La vicenda nasce a inizio anno, quando i pensionati hanno presentato ricorso a Strasburgo contro il decreto sostenendo che quel provvedimento avrebbe prodotto “un’ingerenza immediata sulle loro pensioni per il 2012 e i 2013 e permanente per effetto del blocco sulle rivalutazioni successive”. Il decreto era stato adottato per porre rimedio alla bocciatura da parte della Corte costituzionale di alcuni punti del decreto ‘Salva Italia’ del 2011 con cui si bloccava per il 2012 e il 2013 l’adeguamento automatico all’inflazione delle pensioni con importo mensile di tre volte superiore al minimo Inps (circa 1.450 euro lordi).
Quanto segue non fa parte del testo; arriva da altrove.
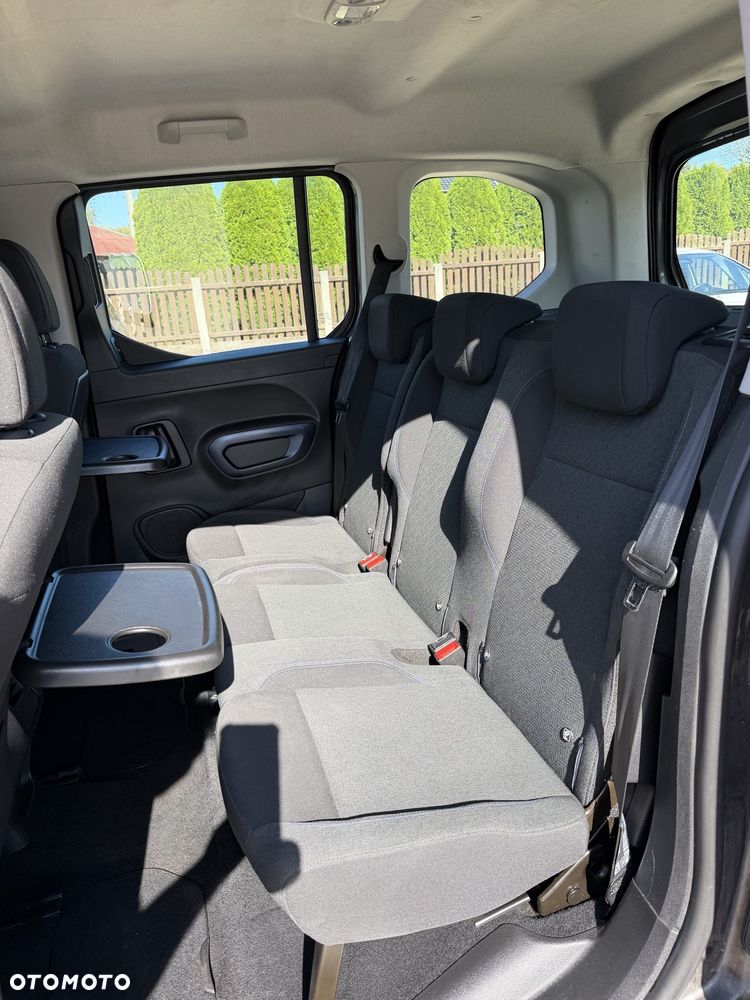 Peugeot Rifter 1.2 PureTech Active S&S - 6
Così il ministro del Lavoro Giuliano Poletti aveva varata un decreto in seguito alla bocciatura della Corte costituzionale, stabilendo una restituzione della rivalutazione non uguale per tutti.

La richiesta di chi ha presentato ricorso parte anche da un altro punto: secondo loro questa misura “non ha perseguito l’interesse generale ed è sproporzionata”. La Corte di Strasburgo ha ritenuto inammissibile il ricorso sostenendo che la riforma del meccanismo di perequazione delle pensioni è stata introdotta per proteggere l’interesse generale e “il livello minimo di prestazioni sociali”, garantendo “allo stesso tempo la tenuta del sistema sociale per le generazioni future”. Tutto ciò è avvenuto, inoltre, in un periodo “in cui la situazione economica italiana era particolarmente difficile”. E in ogni caso per la Corte gli effetti della riforma “non sono a un livello tale da esporli a delle difficoltà di sussistenza incompatibili con quanto prescritto dalla convenzione europea dei diritti umani”.

Il legislatore italiano ha quindi perseguito “una causa di pubblica utilità”, secondo i giudici di Strasburgo. Per la Corte la “misura controversa non sembra aver avuto un impatto significativo per gli anni in questione: per il 2012 l’impatto negativo delle disposizioni, che è nullo per le pensioni inferiori a circa 1.500 euro, sale al 2,7% per le pensioni di oltre 3mila euro; un risultato simile può essere calcolato nel 2013”.